Newsome used to have a large bakehouse, (which made award-winning pork pies), but these industrial units, (across from, now damaged, Newsome Mill), now hold businesses. The Huddersfield Examiner announced in February 2013 the closure to the Huddersfield shops, as well as the bakehouse.

===Schools===
There is a secondary school, Newsome Academy to the south west of the village centre. The school's assistant head teacher was named West Yorkshire Teacher of the Year 2006 for an award sponsored by Pulse Radio. The Victorian infant and nursery school 'Stile Common Infant and Nursery School', close to the village centre, was closed down and replaced by newly built Hillside Primary School. A specialist school, Castle Hill school, for children aged 3–19, with Severe Learning Difficulties and Profound and Multiple Learning Disabilities, is located to the south west of the village, by Berry Brow, to support children from within the Huddersfield catchment area. The Huddersfield Examiner announced on 11 July 2009 that the specialist school in Newsome had one confirmed case of swine flu.

===Sport===
Newsome FC are an open age amateur football club. The club play their home fixtures at the former Primrose Hill Cricket Ground in Primrose Hill now called the Westgate Barbers Arena. They field teams in the Premier Division of the West Yorkshire Association Football League and Division One of the Huddersfield and District Association League and are affiliated to the West Riding County Football Association. The third team are Champions of HDAFL Reserve Division 1 and holders of the Richardson Cup.

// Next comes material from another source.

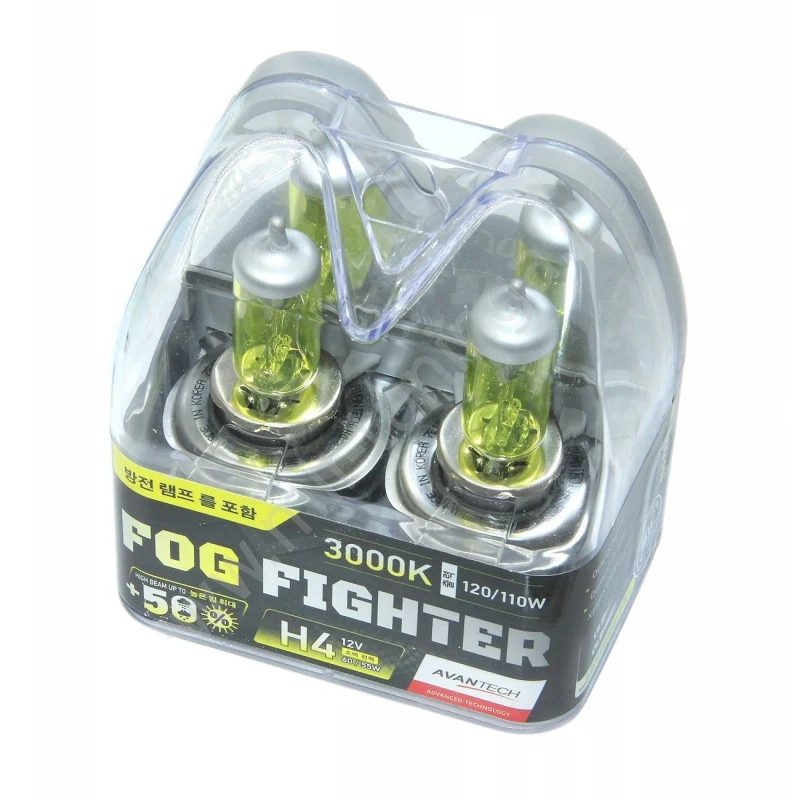 Лампа высокотемпературная FOG FIGHTER H4 12V 60/55W (120/110W) 3000K AB3004 AVANTECH 2 шт. | Автомобили и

The Newsome Panthers, an amateur rugby league club, are based here. The club fields ten junior teams and an open age team in several leagues operated by British Amateur Rugby League Association. The club plays their home games at the secondary school and the committee meets in one of the village's public houses, The Fountain Inn.

==Transport==
The nearest Mainline railway station is in Huddersfield. Berry Brow on the Penistone Line is the closest local railway station. There are several bus service routes through the village, run by First Calderdale & Huddersfield and Team Penine.